### Task details:
Look below for the line containing "#10 Donut Chillum", then write out that line and every line after it to the end, exactly, minus the pictures.

### Supplied material:

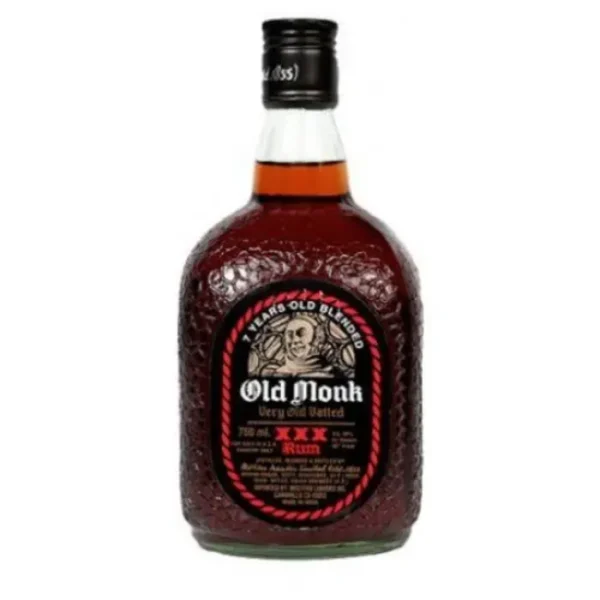 Old Monk Rumis an Indian rum classified as dark rum. It contains 42% ABV (alcohol by volume) and comes in 750ML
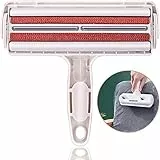 ACE2ACE Togli Peli Animali Rullo Spazzola per Cani e Gatti, Animali Domestici peli Rimozione, Lint Rullo Riutilizzabile Spazzola, Rimuovi la Pelliccia su Cuccia, Tappeti, Vestiti e Divani (Rosso)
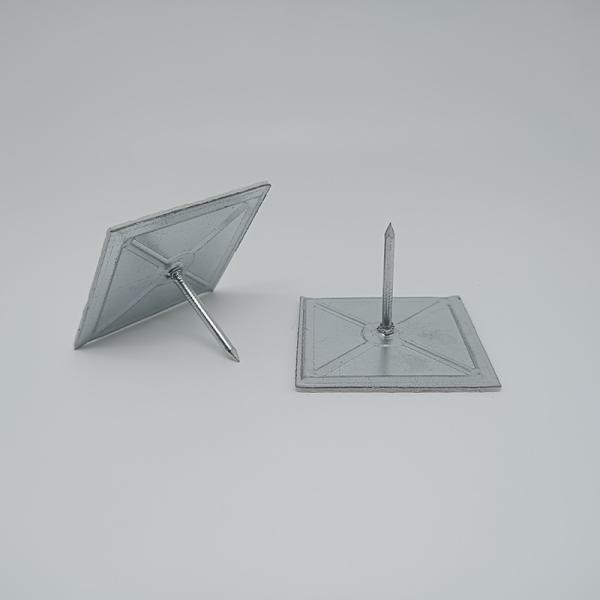 Ventilation Steel Self Adhesive Insulation Pins For Steel Building Insulation Stick Pins And Washers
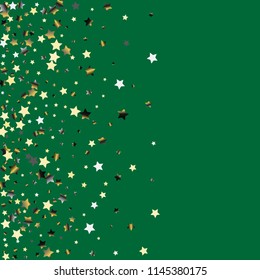 Stars confetti. Isolated gradient celestial elements. Platinum chrome metallic gloss. Holiday celebration luminous vector background for celebration decorations,  flyers, posters.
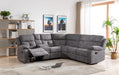 Charlie Dark Grey Chenille Reclining Corner Sofa Sofas supplier 175 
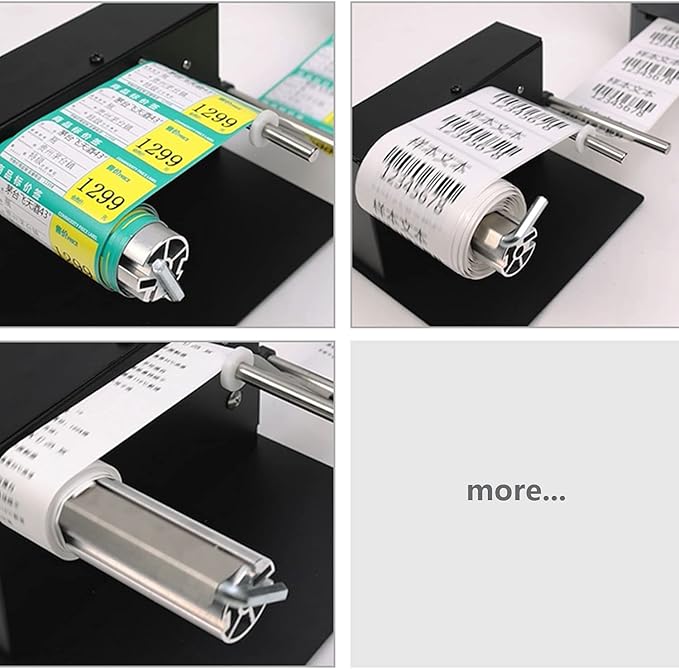 AIWFL Automatic Label Rewinder Rewinding Machine Speed 1-8 inch/s Automatic Label Rewinder Two-Way Rewinding 180mm Label Roller Machine Synchronize with Printer (R3)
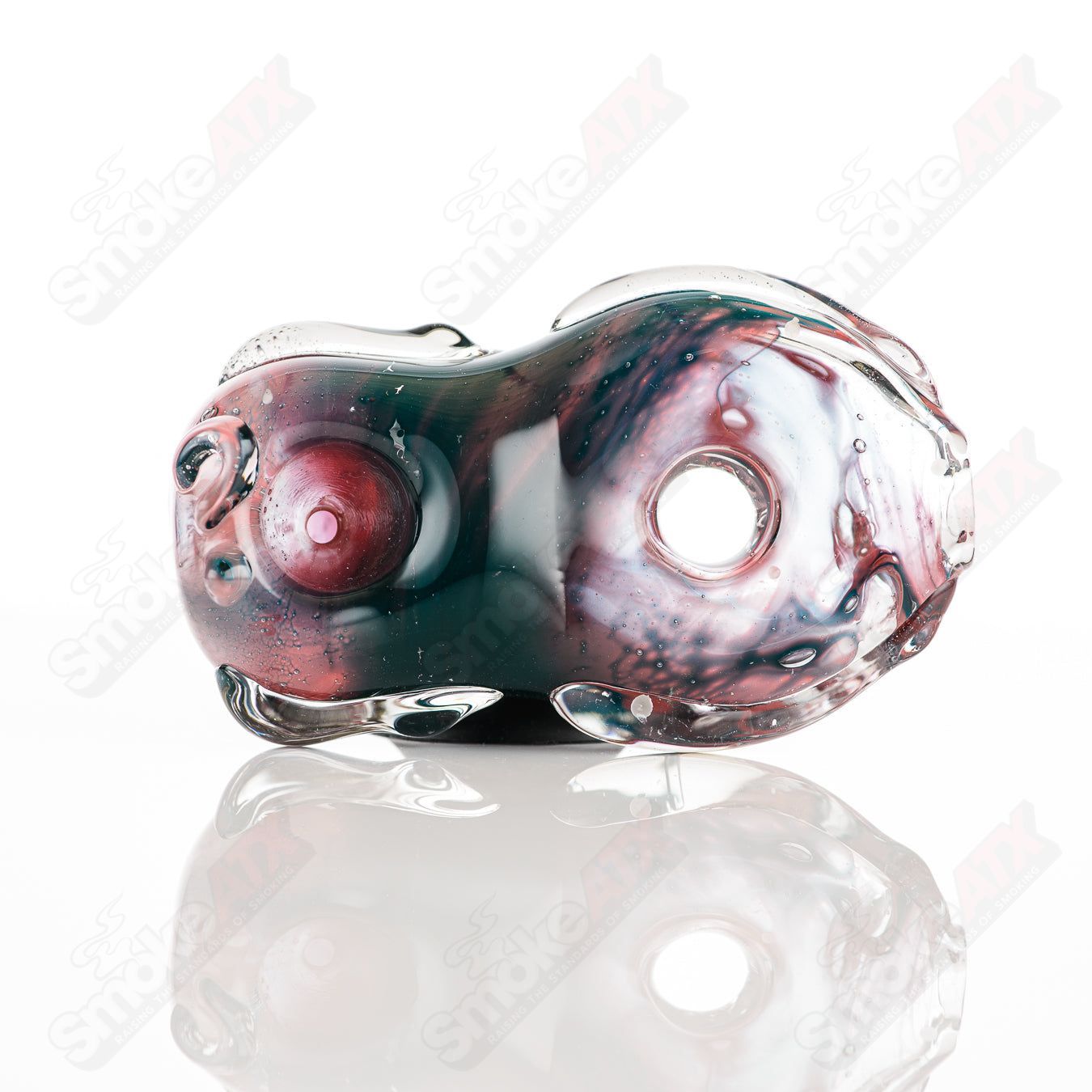 #10 Donut Chillum Glass by Nobody - Smoke ATX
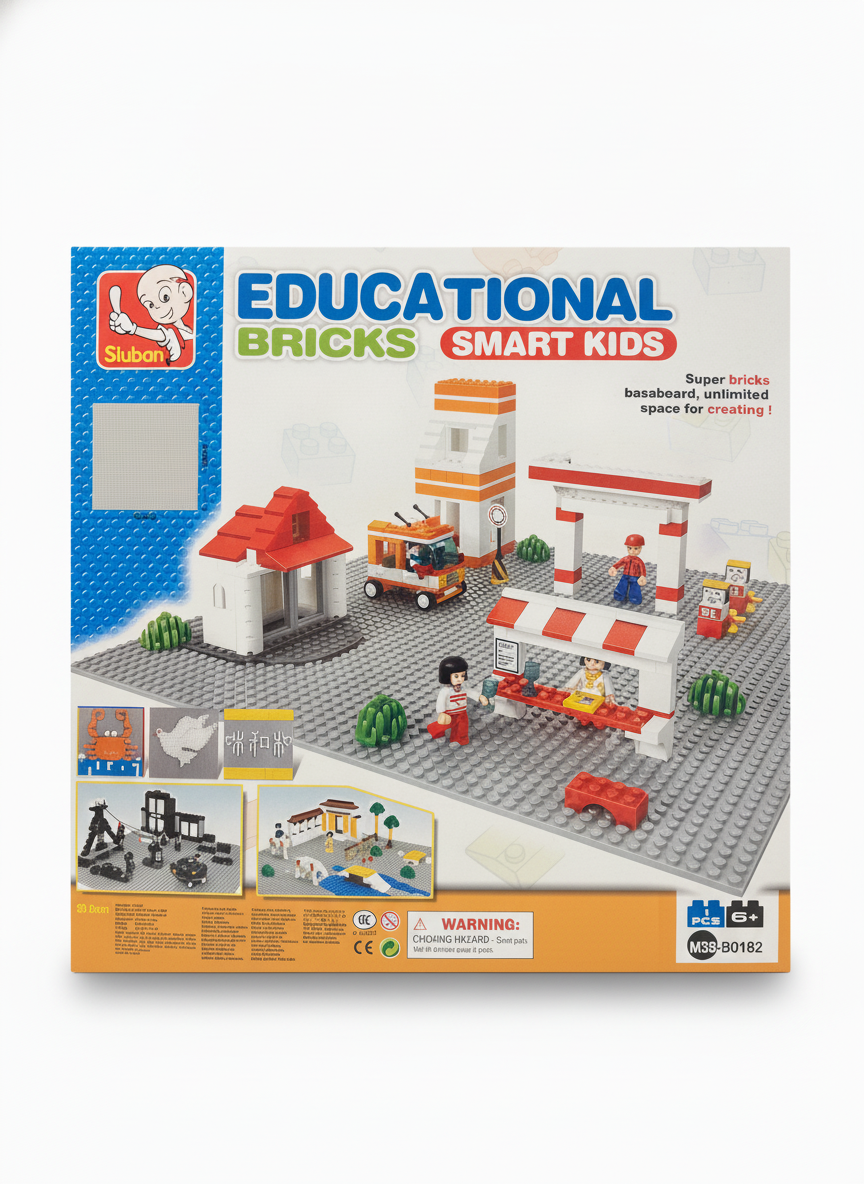 Sluban Educational baseboard Gray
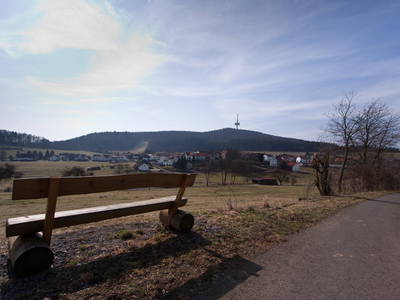 Blick aufs Hohe Lohr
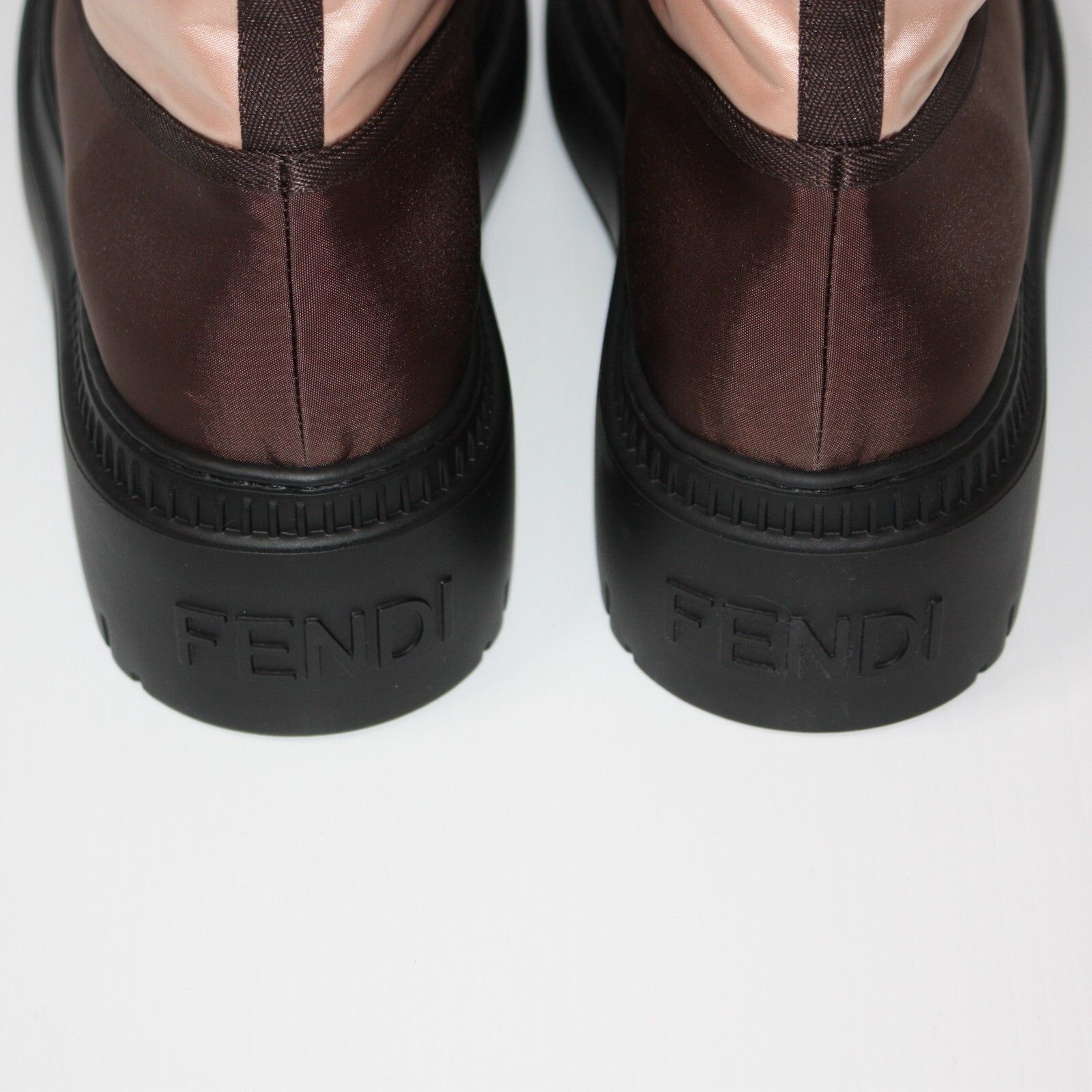 Fendi Domino Pink Nylon Biker Boots with Baguette Pocket $1450 Size US 9.5 / IT 39.5 - 10 Thumbnail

### Answer for this exercise:
 #10 Donut Chillum Glass by Nobody - Smoke ATX
 Sluban Educational baseboard Gray
 Blick aufs Hohe Lohr
 Fendi Domino Pink Nylon Biker Boots with Baguette Pocket $1450 Size US 9.5 / IT 39.5 - 10 Thumbnail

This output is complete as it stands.